## Data extracted from a collection
_ _ _ _ _ _ _
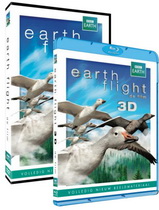 BBC Earth Earthflight 3D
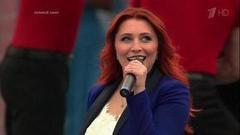 Анастасия Спиридонова и группа «Земляне» — «Олимпиада-80». День города. Концерт, посвященный 869-летию Москвы. Фрагмент выпуска от 10.09.2016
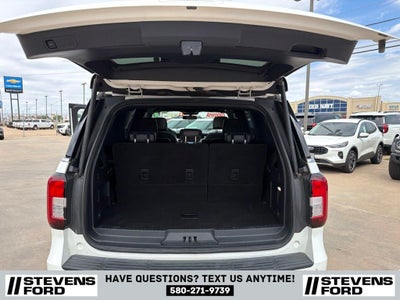 2023 Ford Expedition Timberline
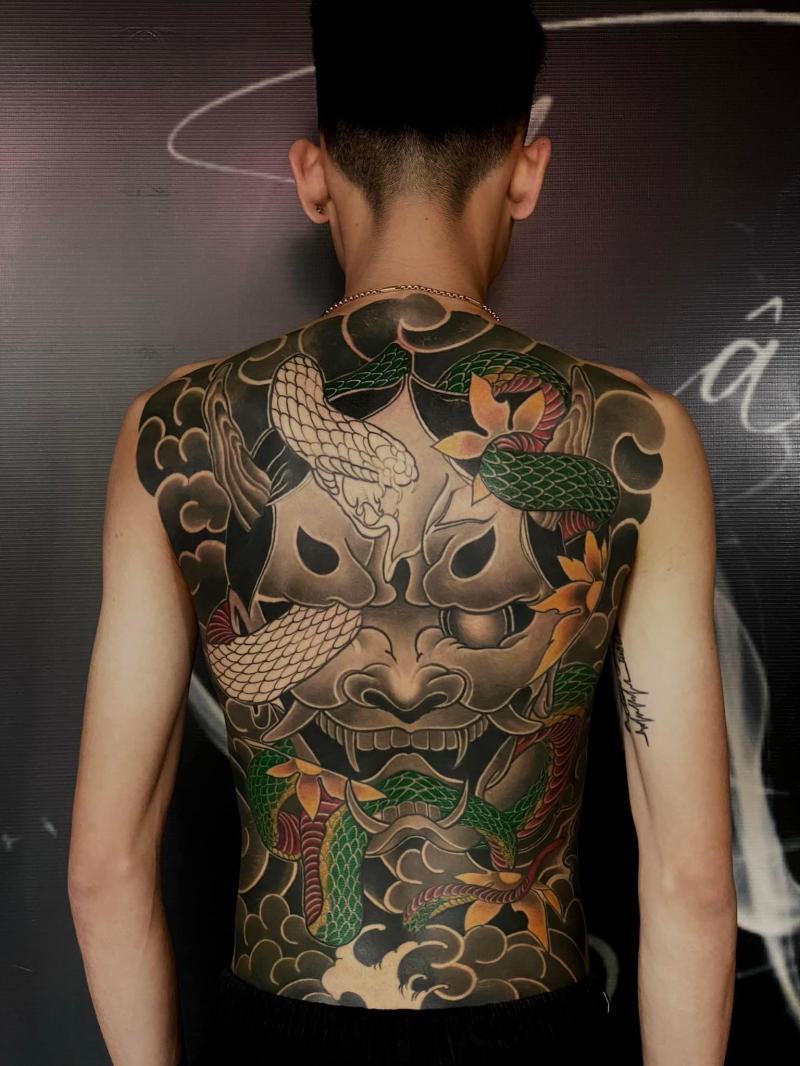 Goat Tattoo Bình Dương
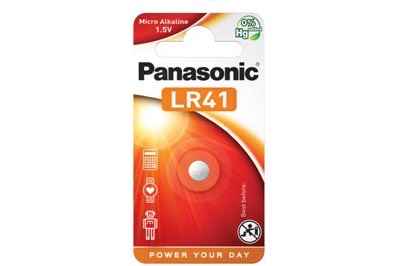 Levně LR41 - Panasonic - BL1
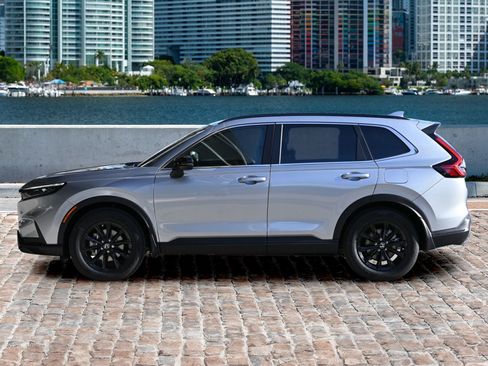 New 2026 Honda CR-V Sport-L image 8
_ _ _ _ _ _ _
## YOUR ASSIGNMENT
What you write must match, line for line, the records from the line containing "Goat Tattoo Bình Dương" through the last line, with every picture left out.

## EXERCISE OUTPUT
 Goat Tattoo Bình Dương
 Levně LR41 - Panasonic - BL1
 New 2026 Honda CR-V Sport-L image 8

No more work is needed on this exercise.